4. Thereafter, the appellant made several representations to the superior authorities. His prayer for reinstatement and retention in service till he attained the age of sixty was not conceded, but on 5-5-1952, he was given a temporary employment for a period of six months as a Clerk under the District Electrical Engineer, Kanchrapara. While the period of that employment was drawing to a close, he made another representation and prayed that he too might he allowed to continue in service up to his sixtieth year, since several other employees like himself had been recalled to duty after they retired and asked to continue till they reached the age of sixty years. This representation also was turned down, and yet another made by the appellant met with the same fate. Thereafter, he moved this Court under Article 226 of the Constitution and obtained a Rule from Sinha, J. At the final hearing of the Rule, however, the learned Judge discharged the Rule. It is against that order that the present appeal is directed.

5. Only one point was urged before us in Support of the appeal, but before I deal with it, I think I might point out two circumstances which seem to make it impossible for the appellant to succeed in the appeal. By his petition under Article 226, he asked for a writ in the nature of certiorari for the quashing of the 'order complained oP'. Two orders were complained of in paragraph 25 of the petition and they were contained in two letters addressed to the appellant, one dated 30-6-1953 and the other dated 11-3-1953. As the learned Judge has pointed out, neither of those orders had anything whatever to do with the appellant's prayer for the reinstatement, because it was only his prayer for re-employment that was turned down by the orders communicated by those letters. It would thus appear that even if the orders complained of were quashed, it would avail the appellant nothing because, by the smashing of those orders, the decision of the authorities not to retain him in service up to his sixtieth year would by no means be affected. Retention in service, which means continued employment in the service in which an employee has been serving is quite a different thing from re-employment of an employee after he has retired. Consequently, a decision not to re-employ is very different from a decision not to retain.

6. The other prayer made by the petitioner was that a writ of mandamus might issue to the opposite parties to the petition, directing them to reinstate the appellant in Railway Service and keep him there till he reached his sixtieth year. It appears that even when Sinha, J., delivered his judgment, which was on 8-6-1955, the appellant had less than a month to complete the age of sixty years, because he would reach his sixtieth year on 1-7-1935. To-day he has left his sixtieth year far behind and it is obviously impossible that any relief can be given to him by a writ of mandamus in terms of his second prayer. The success of his first prayer would thus be a barren success and the success of the second prayer has now become impossible by reason of efflux of time.

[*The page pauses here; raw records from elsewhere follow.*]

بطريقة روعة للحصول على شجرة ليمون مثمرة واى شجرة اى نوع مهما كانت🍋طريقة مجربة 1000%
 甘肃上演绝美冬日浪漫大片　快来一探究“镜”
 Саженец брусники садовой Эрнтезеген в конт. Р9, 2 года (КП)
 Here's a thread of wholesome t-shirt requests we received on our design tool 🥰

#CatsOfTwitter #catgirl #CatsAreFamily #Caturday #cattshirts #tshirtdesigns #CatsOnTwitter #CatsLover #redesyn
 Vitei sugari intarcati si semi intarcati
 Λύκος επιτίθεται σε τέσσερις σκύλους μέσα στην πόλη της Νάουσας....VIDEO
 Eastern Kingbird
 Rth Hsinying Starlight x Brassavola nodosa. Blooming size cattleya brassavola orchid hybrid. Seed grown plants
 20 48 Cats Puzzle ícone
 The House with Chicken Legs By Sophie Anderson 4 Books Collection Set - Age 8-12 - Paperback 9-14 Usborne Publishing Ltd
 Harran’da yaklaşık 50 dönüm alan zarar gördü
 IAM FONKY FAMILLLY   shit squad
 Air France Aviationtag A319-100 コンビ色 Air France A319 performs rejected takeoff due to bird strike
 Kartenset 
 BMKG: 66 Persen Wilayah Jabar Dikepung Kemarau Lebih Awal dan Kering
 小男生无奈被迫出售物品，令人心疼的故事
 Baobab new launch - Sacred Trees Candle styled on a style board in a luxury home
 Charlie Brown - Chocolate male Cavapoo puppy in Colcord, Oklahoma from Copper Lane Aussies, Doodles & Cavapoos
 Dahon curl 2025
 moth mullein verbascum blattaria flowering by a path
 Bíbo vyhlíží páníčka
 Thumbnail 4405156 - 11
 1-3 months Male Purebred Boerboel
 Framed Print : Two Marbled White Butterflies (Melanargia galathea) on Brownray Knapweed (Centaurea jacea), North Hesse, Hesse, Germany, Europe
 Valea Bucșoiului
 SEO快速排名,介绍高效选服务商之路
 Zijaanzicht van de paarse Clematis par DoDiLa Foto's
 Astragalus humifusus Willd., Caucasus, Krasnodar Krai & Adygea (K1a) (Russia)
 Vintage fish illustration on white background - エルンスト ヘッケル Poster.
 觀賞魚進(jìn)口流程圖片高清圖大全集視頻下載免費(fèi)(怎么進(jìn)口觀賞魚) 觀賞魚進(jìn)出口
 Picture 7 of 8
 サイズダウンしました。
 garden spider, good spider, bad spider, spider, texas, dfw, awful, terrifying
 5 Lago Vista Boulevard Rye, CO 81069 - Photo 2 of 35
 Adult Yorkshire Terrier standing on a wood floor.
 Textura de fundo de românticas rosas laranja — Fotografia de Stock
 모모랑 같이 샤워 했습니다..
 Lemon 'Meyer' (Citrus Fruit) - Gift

7. I may, nevertheless, consider the single point which was urged before us by Mr. Pal on the appellant's behalf. Ho based his case entirely on Rule 2046 of the Indian Railway Establishment Code or, to be more precise, on Clause 2(a) of that Rule and submitted that if he failed to induce us to adopt the construction of the Rule which he suggested, or to agree with him that the Supreme Court had in a certain decision upheld the same construction, he was bound to fail. The point, so put, very conveniently narrows down the scope of the matter for our enquiry.

8. Rule 2046 (2) (a) of the Indian Railway Establishment Code is, so far as material, in the same terms as Rule 56(b)(i) of the Fundamental Rules. The first part of the Rule with which only we are concerned reads thus:

'A ministerial servant, who is not governed by Sub-clause (b), may be required to retire at the age of 55 years, but should ordinarily be retained in service, if he continues efficient up to the age of 60 years'.

Sub-clause (b) deals with ministerial servants who entered Government service after 1-4-1938, or who, being in Government service on 31-3-1938, did not yet hold on that date a lien or a suspended lien on a permanent post. The appellant is obviously not governed by Sub-clause (b), because he entered Government service in 1919 and was confirmed as a permanent incumbent in 1920. He is thus entitled to whatever right Rule 2046 (2) (a) creates for ministerial servants to whom it applies.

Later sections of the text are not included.